DCSIMG

The EU has a history of not wanting us to produce food: it would leave us vulnerable

Is it possible that at last we could possibly be about to get some dry weather? Like most farmers I spend more time looking and listening to weather forecasts than I do to the news.

Well, I have to say I have just about had my fill and despair about ‘horsegate’, the threatened mansion tax, Chris Huhne, the chronic ills of the NHS and the neglect of the elderly and the sight of vacuous ‘celebrities’ adorning our screens and newspapers.

A very real and immediate concern is whether the fields will dry sufficiently to allow spring crops to be sown for this year’s national harvest. It is a worry to hear many farmers even now considering leaving fields fallow until the autumn as fields remain waterlogged.

I continue to be hopeful that ground conditions will improve enough to get our spring barley and field beans planted but there is absolutely no point in drilling unless conditions are suitable. Growing crops is an expensive business and unless we can guarantee a reasonable yield economics must dictate our actions.

With less than 50 per cent of arable crops planted last autumn it goes without saying there will be a grain shortage in the UK this summer even if we do all manage to sow the seeds over the coming weeks.

The other concern must be the impact upon our ability to produce food as hundreds of acres of valuable farmland are stealthily being covered in solar panels. At a time when food security is an increasing concern, Natural England, the CPRE and other organisations whose purpose is to preserve our green and pleasant land, should surely be raising questions about plans to cover thousands of acres of prime farmland with these ghastly panels.

As recently reported in the Farmers Weekly, Tim Benton professor of population ecology and food security at Leeds University, warned the Sentry conference at Newmarket Racecourse that farmers must take care of their land which is a precious food producing resource.

As the UK economy stagnates and others, such as China are growing fast, he said we cannot rely on being rich enough to import our food in the future. He insisted that we should consider more diversification and mixed production.
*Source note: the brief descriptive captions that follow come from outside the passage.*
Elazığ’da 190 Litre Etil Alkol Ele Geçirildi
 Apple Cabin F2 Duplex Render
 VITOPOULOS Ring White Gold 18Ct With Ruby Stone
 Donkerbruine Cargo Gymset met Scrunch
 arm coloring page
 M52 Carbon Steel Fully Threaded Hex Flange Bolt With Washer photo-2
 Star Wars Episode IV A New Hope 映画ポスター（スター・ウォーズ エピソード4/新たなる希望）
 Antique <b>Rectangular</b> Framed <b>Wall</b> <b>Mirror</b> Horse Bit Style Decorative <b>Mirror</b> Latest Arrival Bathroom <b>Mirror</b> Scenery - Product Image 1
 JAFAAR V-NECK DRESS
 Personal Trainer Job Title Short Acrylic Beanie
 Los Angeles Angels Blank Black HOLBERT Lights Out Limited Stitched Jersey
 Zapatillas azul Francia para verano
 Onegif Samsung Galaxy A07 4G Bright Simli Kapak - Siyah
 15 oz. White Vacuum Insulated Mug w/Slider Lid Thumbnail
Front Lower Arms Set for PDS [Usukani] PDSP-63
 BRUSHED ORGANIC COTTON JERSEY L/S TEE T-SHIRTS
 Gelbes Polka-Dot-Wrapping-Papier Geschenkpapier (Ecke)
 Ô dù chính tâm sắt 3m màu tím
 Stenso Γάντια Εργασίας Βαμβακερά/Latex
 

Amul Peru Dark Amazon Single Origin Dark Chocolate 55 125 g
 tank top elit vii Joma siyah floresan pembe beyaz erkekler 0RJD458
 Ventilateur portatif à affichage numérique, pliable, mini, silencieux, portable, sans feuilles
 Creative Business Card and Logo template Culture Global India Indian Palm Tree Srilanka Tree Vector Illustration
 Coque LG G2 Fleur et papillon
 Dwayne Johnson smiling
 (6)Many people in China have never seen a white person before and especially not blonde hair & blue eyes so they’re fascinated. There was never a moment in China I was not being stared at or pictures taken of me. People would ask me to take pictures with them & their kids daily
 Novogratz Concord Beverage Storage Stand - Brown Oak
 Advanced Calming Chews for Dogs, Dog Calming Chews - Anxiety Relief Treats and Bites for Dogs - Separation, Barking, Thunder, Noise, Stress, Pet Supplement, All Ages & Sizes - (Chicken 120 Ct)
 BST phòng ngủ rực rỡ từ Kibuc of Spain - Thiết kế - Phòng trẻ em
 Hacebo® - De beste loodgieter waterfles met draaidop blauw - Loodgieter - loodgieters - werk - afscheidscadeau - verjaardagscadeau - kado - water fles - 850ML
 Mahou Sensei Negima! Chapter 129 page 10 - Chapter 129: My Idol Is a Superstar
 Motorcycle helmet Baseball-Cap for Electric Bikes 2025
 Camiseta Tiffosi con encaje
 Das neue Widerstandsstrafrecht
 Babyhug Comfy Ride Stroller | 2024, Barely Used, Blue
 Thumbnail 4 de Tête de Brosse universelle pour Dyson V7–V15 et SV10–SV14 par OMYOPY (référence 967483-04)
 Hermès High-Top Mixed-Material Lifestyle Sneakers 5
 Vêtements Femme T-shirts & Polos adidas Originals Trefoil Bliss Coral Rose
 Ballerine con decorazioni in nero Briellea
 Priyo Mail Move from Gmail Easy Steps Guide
I certainly did not read into his words that solar panels would enhance our ability to put food on the nation’s table.

Open any farming magazine and you will see a rash of advertisements including acres of testimonials from Solar Panel companies such as M3 Solar, BeBa Energy UK and My Planet Ltd to name but a few, offering packages including free electricity to run all manner of rural and farm businesses plus income from feed in tariffs into the National Grid.

It does of course make sense if the business plan is acceptable and if the panels can be placed appropriately on existing roofs such as Ashford Market and as many farmers, businesses and householders have already done, but to cover thousands of acres as planned across the countryside with unsightly panels, is disproportionate and unacceptable.

It is also concerning that the current breed of solar panels which are popping up all over the place, have already been superseded by a new breed of panel which have been developed and already produced in Germany.

These are more efficient, are a fraction of the size and light years ahead of the now old technology which is being marketed in the UK. So before too long, similar to the inefficient and outdated wind turbines which are springing up across the country and along our coasts, they too will all too soon end up as rusting relics of a useless and expensive experiment, evidence of the vanity, ignorance and gullibility of politicians.

Renewable energy is important and necessary as global resources of fossil fuels inevitably decline. There are many efficient systems which are practical; many are based in urban conurbations and serve a dual purpose incorporating waste disposal. It is essential that further research and development is funded by government, they should not rely upon advice from the companies which of course need to market products in which they have invested heavily despite already being out dated.

The EU has a history of not wanting the UK to produce food, a policy which Agriculture Ministers, most notably Margaret Beckett, were all too keen to endorse, and one which would leave us vulnerable and in due course hungry.

Urban creep into the green belt is inevitable as our increasing population requires housing, we must however not forget that good productive farmland is a valuable asset which we should treasure, and let us hope upon which we can soon venture to get our crops planted after the wettest winter on record.